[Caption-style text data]
────────────────────────────────────────

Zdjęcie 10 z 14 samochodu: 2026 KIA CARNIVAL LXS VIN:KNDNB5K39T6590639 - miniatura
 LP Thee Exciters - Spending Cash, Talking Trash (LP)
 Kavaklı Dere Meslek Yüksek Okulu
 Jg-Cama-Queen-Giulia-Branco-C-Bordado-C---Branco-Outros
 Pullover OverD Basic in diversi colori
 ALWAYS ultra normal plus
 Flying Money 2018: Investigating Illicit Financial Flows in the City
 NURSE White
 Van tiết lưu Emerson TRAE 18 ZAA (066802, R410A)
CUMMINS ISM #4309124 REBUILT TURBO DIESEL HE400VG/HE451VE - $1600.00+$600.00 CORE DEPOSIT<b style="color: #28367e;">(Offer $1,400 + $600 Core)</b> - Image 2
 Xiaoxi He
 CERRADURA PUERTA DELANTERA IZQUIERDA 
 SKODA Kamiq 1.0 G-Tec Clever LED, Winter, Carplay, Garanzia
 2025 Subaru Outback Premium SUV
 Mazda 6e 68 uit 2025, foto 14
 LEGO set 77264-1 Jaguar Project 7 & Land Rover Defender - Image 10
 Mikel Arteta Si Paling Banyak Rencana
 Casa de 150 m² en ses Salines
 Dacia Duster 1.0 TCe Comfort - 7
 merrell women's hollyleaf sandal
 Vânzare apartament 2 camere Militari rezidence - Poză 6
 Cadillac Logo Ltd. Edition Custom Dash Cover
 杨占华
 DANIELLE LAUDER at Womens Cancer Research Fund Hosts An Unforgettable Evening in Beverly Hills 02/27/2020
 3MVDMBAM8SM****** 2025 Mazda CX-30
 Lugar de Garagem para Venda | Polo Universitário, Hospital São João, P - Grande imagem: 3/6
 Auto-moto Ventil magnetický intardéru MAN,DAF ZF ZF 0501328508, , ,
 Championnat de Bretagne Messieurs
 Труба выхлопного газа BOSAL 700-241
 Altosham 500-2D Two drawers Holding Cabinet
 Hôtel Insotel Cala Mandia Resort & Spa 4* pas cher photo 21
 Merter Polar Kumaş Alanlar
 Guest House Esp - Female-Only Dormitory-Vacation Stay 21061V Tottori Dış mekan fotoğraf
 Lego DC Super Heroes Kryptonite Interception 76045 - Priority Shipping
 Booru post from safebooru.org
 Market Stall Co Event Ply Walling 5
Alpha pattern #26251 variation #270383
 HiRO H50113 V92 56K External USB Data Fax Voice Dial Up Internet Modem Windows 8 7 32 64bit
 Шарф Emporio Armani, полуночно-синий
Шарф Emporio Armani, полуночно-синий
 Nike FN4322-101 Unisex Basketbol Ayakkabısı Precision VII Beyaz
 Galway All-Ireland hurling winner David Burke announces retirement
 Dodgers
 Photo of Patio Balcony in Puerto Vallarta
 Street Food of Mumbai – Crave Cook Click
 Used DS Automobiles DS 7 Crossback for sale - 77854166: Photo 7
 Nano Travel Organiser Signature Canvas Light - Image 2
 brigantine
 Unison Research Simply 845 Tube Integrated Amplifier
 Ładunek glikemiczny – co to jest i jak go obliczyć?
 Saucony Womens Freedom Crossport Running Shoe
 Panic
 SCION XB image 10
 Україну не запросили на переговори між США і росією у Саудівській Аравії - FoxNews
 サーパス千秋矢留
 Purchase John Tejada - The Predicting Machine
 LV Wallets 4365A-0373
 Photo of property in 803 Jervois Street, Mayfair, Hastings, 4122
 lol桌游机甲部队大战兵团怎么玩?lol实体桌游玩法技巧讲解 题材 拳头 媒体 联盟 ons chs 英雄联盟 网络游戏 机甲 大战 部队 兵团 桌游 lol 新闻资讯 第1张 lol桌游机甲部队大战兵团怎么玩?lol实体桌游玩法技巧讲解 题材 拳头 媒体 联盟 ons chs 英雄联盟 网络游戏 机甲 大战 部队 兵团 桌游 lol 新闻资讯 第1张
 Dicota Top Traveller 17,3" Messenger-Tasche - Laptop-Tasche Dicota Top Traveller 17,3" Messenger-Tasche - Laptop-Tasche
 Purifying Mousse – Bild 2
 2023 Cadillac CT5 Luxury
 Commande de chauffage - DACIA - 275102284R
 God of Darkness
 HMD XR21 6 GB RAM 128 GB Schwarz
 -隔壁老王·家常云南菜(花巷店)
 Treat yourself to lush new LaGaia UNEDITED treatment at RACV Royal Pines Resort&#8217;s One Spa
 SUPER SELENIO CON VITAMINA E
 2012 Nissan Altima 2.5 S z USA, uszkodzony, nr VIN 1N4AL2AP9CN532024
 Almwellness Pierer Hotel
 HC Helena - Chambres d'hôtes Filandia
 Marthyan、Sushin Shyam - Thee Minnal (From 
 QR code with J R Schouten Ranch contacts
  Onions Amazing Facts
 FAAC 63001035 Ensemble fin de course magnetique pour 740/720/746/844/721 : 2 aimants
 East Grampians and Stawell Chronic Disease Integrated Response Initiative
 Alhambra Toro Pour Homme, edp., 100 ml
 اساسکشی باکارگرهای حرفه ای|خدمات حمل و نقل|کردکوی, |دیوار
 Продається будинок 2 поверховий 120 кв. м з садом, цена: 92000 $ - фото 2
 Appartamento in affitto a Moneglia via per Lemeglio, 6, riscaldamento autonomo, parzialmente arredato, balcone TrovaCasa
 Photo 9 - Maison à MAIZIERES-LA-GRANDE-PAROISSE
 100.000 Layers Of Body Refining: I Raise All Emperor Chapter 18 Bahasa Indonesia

────────────────────────────────────────

→ EXERCISE BRIEF
Wherever the word "Шарф" turns up in the records, copy out the line it is on.

→ EXERCISE RESULT
 Шарф Emporio Armani, полуночно-синий
Шарф Emporio Armani, полуночно-синий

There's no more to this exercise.